A CURRENT AFFAIR
This article is from our archives and has not been updated and integrated with our "new" site yet... Even so, it's still awesome - so keep reading!
Published on Thu, Feb 3, 2011
By: The LACar Editorial Staff
By John-Fredrik Wright Pacific Coast Highway, also known as Highway 1, is a well-known road. The stretch through Orange County is one of the more beautiful parts; on par with the twisty sections of mid-California. One major difference is of course the amount of traffic on the road; the many lanes of the Orange County stretch often being overcrowded, and the emptiness of the more northern parts begging for some attention. Even if the wilderness is more pronounced up north, and most of the view enjoyed in Orange County is of the beach and Crystal Cove State Park, the occasional bird song can be heard throughout. The problem, however, is that sitting in a car surrounded by other cars (as in the OC), you will most likely not be able to fully enjoy your surroundings. “Easy!,” you might say, and suggest a convertible. There are plenty of those already on the road, but I have yet to hear birdsong from the driver’s seat of a Porsche convertible, or any other convertible for that matter. Until driving the Tesla Roadster S, I had no idea how it would feel to sit quietly at a stop light in the middle of the road and listen to the birds sing in the trees looming over the street.

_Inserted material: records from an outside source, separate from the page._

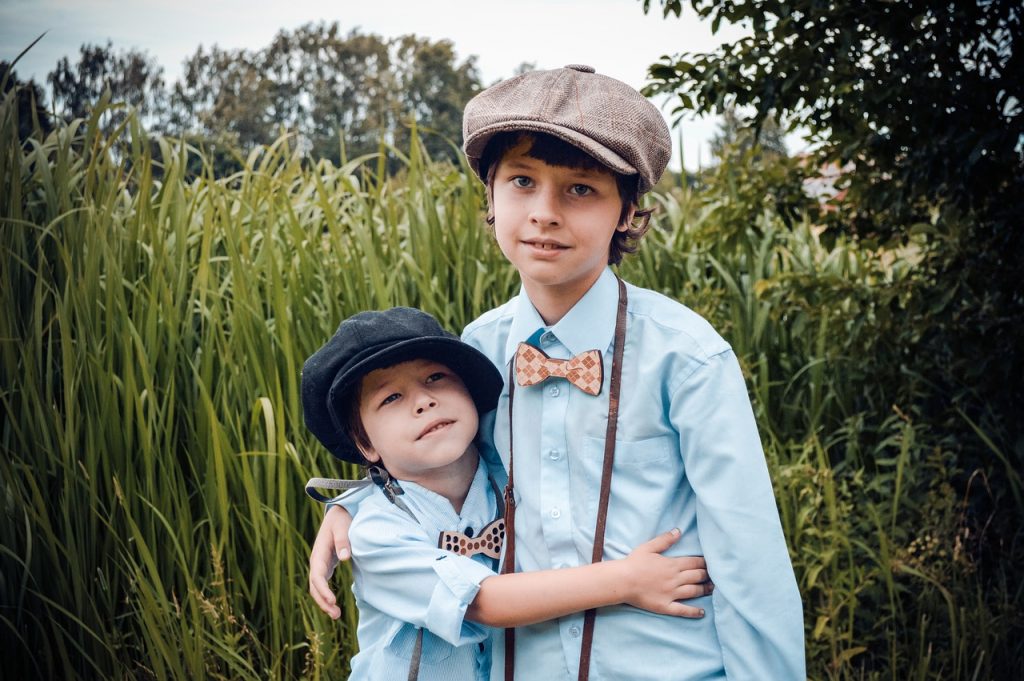 deux petits garçons qui portent un look rétro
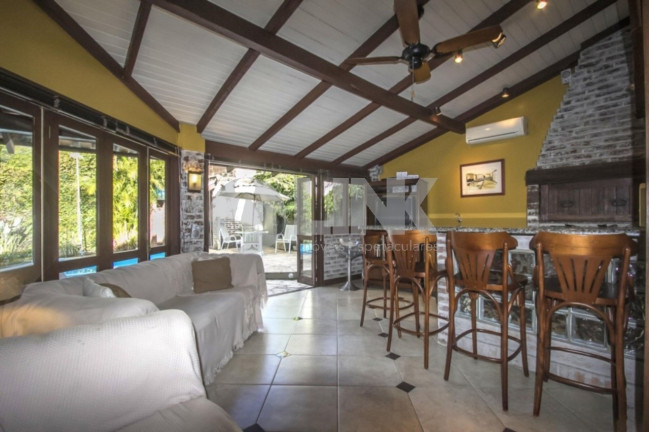 Imagem Casa com 4 Quartos à Venda, 390 m² em Petrópolis - Porto Alegre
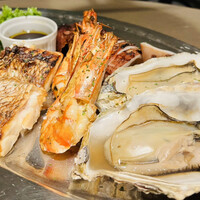 COLONIAL BEACH 横浜ハンマーヘッド - 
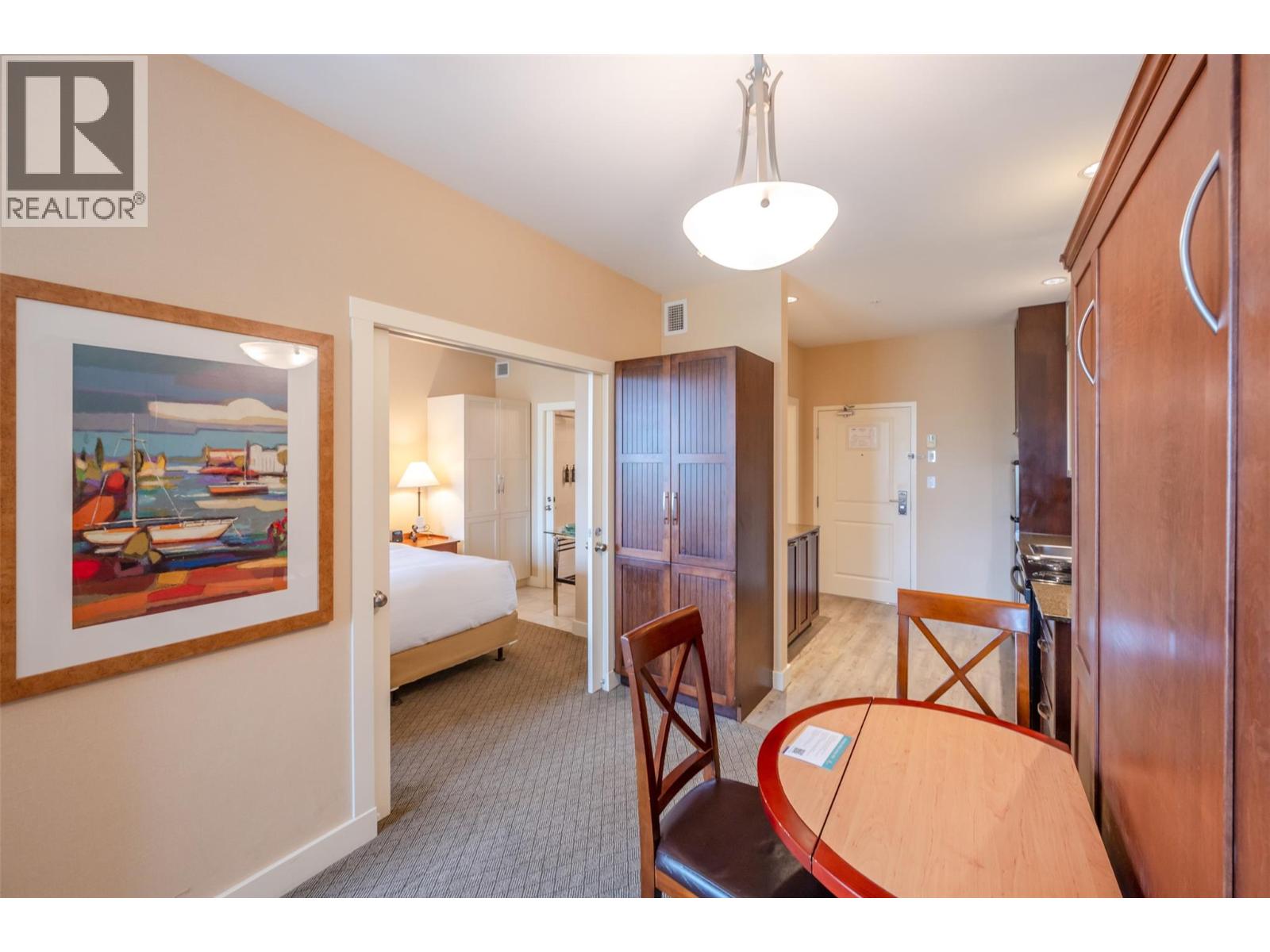 227 13011 Lakeshore Drive, Summerland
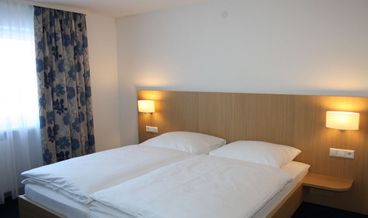 afbeelding van Double or Twin Room-2 Twin Beds Free WiFi Free self parking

The problem is usually the awesome power of the car, escaping in the form of noise from under the hood. Some might argue that the noise of a powerful V8 is part of the image, the look and feel of a performance vehicle. I now disagree. Put the Tesla Roadster Sport next to basically any sports car available, be it a V6, V8, V10, or even a V12, and it will quietly wait while the big engine flexes its muscles. Then, as the light turns green, the Tesla Roadster Sport will do something I have never felt in a car before, it will accelerate away from the competition in a quiet breeze. The noise heard will first mainly be wind passing over the car’s sleek lines, joined shortly by a high-pitched purr. The feeling is almost indescribable, like being shot from a slingshot in a constant acceleration likened to that felt in a fighter jet. The noisy competition is seen in the rear-view mirror, screaming to keep up, which is always a great feeling. Now, the Tesla has a top speed of about 125 mph, so eventually the roar of the ICE’s (internal combustion engines) will pay off, but how many roads are long enough for that anyway? After getting into the Tesla Roadster Sport, which the first time is basically a matter of falling into the seat and trusting that it will catch you, a quick glance around doesn’t really give any hint that you are not in a “normal” car. But then again, in a few years, who knows what normal might be? Looking around, there are buttons for shifting between park, drive and reverse, instead of the stick most of us are used to. The radio looks like a standard radio, nothing fancy. But then, what is this?, a screen we are not used to! Relax, if pilots can handle a multitude of screens and gauges, you can handle one extra LCD screen. Plus, it might tell you something you didn’t already know; like how many Gs you’re pushing. G-forces? Really? This really is like flying a fighter jet!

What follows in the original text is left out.